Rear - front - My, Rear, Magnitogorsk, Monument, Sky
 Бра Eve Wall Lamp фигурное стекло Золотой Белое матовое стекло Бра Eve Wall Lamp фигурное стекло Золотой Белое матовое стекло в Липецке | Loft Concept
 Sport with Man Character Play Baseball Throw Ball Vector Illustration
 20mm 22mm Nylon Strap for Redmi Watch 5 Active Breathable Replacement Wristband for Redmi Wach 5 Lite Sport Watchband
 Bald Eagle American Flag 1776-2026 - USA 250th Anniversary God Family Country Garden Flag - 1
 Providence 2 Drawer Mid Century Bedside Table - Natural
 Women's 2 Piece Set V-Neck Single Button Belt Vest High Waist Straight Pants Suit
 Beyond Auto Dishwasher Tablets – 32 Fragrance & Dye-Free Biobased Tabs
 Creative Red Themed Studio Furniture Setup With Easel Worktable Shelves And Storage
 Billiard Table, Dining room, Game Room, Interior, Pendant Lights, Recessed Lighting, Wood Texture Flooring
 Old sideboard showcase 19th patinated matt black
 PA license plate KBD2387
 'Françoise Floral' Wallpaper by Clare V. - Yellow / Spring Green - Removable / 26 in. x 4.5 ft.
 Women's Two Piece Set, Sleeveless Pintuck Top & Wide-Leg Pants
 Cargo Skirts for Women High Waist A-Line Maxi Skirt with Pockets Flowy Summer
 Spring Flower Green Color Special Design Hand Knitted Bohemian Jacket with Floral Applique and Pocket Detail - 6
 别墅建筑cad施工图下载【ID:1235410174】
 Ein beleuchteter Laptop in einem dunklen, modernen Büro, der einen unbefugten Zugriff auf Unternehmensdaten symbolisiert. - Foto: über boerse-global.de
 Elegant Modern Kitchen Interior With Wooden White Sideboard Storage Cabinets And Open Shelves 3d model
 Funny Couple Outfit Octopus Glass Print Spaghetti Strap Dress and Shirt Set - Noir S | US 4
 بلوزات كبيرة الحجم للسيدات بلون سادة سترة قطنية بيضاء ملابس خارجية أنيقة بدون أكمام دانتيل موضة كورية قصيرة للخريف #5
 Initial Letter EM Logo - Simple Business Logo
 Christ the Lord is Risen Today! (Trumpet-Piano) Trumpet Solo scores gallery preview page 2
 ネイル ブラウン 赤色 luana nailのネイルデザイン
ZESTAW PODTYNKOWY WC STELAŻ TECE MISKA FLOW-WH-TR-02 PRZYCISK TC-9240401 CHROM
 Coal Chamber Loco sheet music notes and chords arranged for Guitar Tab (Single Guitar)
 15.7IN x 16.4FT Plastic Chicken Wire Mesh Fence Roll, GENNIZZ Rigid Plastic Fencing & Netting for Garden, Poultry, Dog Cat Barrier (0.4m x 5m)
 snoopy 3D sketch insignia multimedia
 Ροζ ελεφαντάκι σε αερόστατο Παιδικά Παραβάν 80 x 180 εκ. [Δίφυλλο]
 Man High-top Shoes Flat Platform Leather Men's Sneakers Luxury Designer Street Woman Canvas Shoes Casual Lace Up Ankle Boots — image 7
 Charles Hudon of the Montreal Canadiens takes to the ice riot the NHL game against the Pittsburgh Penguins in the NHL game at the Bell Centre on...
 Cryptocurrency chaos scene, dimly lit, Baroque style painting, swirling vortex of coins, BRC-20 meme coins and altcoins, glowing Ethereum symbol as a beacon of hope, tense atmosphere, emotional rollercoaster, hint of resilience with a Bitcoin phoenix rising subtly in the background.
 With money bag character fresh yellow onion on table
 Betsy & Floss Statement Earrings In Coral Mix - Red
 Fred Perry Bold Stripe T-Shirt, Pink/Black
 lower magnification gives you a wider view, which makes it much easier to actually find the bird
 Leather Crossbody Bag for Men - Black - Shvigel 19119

**EXERCISE AIM**
Every entry shown earlier is to be returned exactly, line for line.

**EXPECTED OUTPUT**
Rear - front - My, Rear, Magnitogorsk, Monument, Sky
 Бра Eve Wall Lamp фигурное стекло Золотой Белое матовое стекло Бра Eve Wall Lamp фигурное стекло Золотой Белое матовое стекло в Липецке | Loft Concept
 Sport with Man Character Play Baseball Throw Ball Vector Illustration
 20mm 22mm Nylon Strap for Redmi Watch 5 Active Breathable Replacement Wristband for Redmi Wach 5 Lite Sport Watchband
 Bald Eagle American Flag 1776-2026 - USA 250th Anniversary God Family Country Garden Flag - 1
 Providence 2 Drawer Mid Century Bedside Table - Natural
 Women's 2 Piece Set V-Neck Single Button Belt Vest High Waist Straight Pants Suit
 Beyond Auto Dishwasher Tablets – 32 Fragrance & Dye-Free Biobased Tabs
 Creative Red Themed Studio Furniture Setup With Easel Worktable Shelves And Storage
 Billiard Table, Dining room, Game Room, Interior, Pendant Lights, Recessed Lighting, Wood Texture Flooring
 Old sideboard showcase 19th patinated matt black
 PA license plate KBD2387
 'Françoise Floral' Wallpaper by Clare V. - Yellow / Spring Green - Removable / 26 in. x 4.5 ft.
 Women's Two Piece Set, Sleeveless Pintuck Top & Wide-Leg Pants
 Cargo Skirts for Women High Waist A-Line Maxi Skirt with Pockets Flowy Summer
 Spring Flower Green Color Special Design Hand Knitted Bohemian Jacket with Floral Applique and Pocket Detail - 6
 别墅建筑cad施工图下载【ID:1235410174】
 Ein beleuchteter Laptop in einem dunklen, modernen Büro, der einen unbefugten Zugriff auf Unternehmensdaten symbolisiert. - Foto: über boerse-global.de
 Elegant Modern Kitchen Interior With Wooden White Sideboard Storage Cabinets And Open Shelves 3d model
 Funny Couple Outfit Octopus Glass Print Spaghetti Strap Dress and Shirt Set - Noir S | US 4
 بلوزات كبيرة الحجم للسيدات بلون سادة سترة قطنية بيضاء ملابس خارجية أنيقة بدون أكمام دانتيل موضة كورية قصيرة للخريف #5
 Initial Letter EM Logo - Simple Business Logo
 Christ the Lord is Risen Today! (Trumpet-Piano) Trumpet Solo scores gallery preview page 2
 ネイル ブラウン 赤色 luana nailのネイルデザイン
ZESTAW PODTYNKOWY WC STELAŻ TECE MISKA FLOW-WH-TR-02 PRZYCISK TC-9240401 CHROM
 Coal Chamber Loco sheet music notes and chords arranged for Guitar Tab (Single Guitar)
 15.7IN x 16.4FT Plastic Chicken Wire Mesh Fence Roll, GENNIZZ Rigid Plastic Fencing & Netting for Garden, Poultry, Dog Cat Barrier (0.4m x 5m)
 snoopy 3D sketch insignia multimedia
 Ροζ ελεφαντάκι σε αερόστατο Παιδικά Παραβάν 80 x 180 εκ. [Δίφυλλο]
 Man High-top Shoes Flat Platform Leather Men's Sneakers Luxury Designer Street Woman Canvas Shoes Casual Lace Up Ankle Boots — image 7
 Charles Hudon of the Montreal Canadiens takes to the ice riot the NHL game against the Pittsburgh Penguins in the NHL game at the Bell Centre on...
 Cryptocurrency chaos scene, dimly lit, Baroque style painting, swirling vortex of coins, BRC-20 meme coins and altcoins, glowing Ethereum symbol as a beacon of hope, tense atmosphere, emotional rollercoaster, hint of resilience with a Bitcoin phoenix rising subtly in the background.
 With money bag character fresh yellow onion on table
 Betsy & Floss Statement Earrings In Coral Mix - Red
 Fred Perry Bold Stripe T-Shirt, Pink/Black
 lower magnification gives you a wider view, which makes it much easier to actually find the bird
 Leather Crossbody Bag for Men - Black - Shvigel 19119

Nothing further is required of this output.